Agathos:
Sorry to be late in my response here, but I’m going to give it a go nonetheless.
In your response, you merely stated your conclusion again in a slightly different fashion. When Snipe and I posited that it might help control actual actions, rather than leading to more craving/impure action this is what you said: "The truth is this this. It doesn’t help you not have sex. The more you think about sex, and the more you teach your body to crave it (with simultaneous mental and physical stimulation) the more likely you are to break down in a crucial moment, and uh’oh, “Mom, dad, I got this girl that I really don’t like all that much pregnant…”
This does not address the “weak and absurd” statement that masturbation could lessen the urge to act in people – I will add especially those who are not disposed toward obsessive/compulsive behavior, or who are not disposed to “addictive” behavior.
I’m not saying we laid out an argument to the contrary.
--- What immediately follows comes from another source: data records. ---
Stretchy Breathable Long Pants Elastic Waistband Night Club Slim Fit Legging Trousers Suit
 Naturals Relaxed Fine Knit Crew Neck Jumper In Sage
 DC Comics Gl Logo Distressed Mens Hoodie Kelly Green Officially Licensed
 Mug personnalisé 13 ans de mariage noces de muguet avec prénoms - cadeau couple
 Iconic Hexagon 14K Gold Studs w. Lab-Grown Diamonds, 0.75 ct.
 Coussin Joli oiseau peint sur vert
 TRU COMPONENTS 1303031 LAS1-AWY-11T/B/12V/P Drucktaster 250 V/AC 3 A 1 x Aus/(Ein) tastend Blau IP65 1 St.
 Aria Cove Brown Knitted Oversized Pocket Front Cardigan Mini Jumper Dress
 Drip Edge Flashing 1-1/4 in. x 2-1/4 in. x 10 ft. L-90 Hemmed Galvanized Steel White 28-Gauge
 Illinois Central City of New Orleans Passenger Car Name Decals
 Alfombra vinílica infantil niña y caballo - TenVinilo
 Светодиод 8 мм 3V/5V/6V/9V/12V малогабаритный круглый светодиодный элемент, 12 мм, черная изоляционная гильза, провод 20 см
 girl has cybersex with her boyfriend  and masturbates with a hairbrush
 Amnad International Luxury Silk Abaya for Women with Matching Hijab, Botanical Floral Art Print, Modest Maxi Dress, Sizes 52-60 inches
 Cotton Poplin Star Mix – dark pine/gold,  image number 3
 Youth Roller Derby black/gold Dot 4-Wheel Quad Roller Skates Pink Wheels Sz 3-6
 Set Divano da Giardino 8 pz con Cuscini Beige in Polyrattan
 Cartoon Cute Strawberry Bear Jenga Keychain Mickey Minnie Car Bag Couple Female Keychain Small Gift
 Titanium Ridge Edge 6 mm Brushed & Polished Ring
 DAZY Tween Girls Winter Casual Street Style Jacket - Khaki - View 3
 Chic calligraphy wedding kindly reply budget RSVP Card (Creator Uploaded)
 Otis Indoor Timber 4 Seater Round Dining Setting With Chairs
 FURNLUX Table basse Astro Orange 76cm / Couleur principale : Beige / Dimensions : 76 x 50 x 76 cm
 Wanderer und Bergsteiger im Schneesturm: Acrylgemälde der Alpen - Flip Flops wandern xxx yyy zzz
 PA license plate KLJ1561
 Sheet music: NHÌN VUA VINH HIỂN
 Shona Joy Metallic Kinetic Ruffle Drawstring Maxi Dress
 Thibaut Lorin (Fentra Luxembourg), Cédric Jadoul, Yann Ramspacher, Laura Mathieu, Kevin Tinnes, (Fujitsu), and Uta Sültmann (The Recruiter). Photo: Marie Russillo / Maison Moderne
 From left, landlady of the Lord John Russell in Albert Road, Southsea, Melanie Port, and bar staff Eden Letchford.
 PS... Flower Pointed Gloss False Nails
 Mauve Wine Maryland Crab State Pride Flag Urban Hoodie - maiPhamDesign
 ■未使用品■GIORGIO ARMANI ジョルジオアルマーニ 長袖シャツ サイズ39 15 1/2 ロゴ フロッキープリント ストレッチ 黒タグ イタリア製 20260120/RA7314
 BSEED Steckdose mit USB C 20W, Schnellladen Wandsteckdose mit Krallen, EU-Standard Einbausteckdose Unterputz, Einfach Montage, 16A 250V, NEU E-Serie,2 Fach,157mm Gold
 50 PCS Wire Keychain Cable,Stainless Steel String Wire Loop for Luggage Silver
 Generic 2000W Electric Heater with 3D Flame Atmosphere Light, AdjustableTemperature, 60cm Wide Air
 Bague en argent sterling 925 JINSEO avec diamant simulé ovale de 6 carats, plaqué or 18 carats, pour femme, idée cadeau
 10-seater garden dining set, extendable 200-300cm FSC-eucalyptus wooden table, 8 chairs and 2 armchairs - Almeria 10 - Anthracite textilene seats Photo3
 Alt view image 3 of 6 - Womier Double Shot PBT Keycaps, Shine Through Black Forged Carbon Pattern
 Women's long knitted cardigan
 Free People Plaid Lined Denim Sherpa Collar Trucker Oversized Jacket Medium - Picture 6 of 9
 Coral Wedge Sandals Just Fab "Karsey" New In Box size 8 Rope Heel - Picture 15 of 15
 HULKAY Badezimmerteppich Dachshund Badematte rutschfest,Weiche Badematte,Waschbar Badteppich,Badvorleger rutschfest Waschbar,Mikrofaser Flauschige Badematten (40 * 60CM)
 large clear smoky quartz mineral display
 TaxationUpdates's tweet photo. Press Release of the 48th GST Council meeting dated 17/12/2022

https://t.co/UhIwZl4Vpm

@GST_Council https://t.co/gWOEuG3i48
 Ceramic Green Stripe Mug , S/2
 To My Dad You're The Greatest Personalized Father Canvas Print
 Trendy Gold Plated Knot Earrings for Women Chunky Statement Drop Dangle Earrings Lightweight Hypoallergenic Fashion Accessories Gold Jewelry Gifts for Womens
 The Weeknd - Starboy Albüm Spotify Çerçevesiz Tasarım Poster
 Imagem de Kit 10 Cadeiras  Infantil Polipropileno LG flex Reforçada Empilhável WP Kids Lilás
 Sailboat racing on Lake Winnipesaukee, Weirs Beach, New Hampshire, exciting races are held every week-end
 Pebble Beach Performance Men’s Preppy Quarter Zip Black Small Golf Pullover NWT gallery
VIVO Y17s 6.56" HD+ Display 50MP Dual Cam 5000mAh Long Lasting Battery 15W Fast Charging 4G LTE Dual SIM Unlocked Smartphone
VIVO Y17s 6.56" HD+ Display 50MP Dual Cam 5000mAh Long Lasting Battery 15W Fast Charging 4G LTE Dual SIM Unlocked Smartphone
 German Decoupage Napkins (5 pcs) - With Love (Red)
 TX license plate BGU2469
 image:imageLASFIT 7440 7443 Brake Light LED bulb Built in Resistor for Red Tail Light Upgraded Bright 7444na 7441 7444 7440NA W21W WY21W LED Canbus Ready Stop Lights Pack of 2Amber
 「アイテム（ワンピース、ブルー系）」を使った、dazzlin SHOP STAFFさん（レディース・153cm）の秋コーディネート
We simply stated our own observations about how we function. Feel free to disagree, but don’t treat restating your own conclusion and disproving something.
You have to remember that, irrespective of how convincing you find it, your position is definitely an interpretation. While you may find it convincing, someone else may look at it differently. Especially given the litany of sins that are actually spelled out, it seems to me that you are actually starting from a relatively weak position in claiming masturbation should be a proscribed activity, unless you think God forgot to mention it along the way, getting lost amongst the minutae of other sins that are specifically presribed (many of which, I think it is safe to say, occur far more rarely than does masturbation).
Also, honestly, from your line of justification, one could argue that one should eschew any contact with the opposite sex – kissing, hand holding, etc., because that would lead to thinking about sex, and there you go down the slippery slope until you have 5 illegitimate kids. And in that case you’re actually a step closer to the slope because you’re already having contact with the opposite sex. While it may be that in extreme cases or lack of self control, or in common cases of not exercising any, you would follow that trajectory, I think any idea that one should not dance or kiss or whatever because it would lead to too much lust or to sex is a bit much.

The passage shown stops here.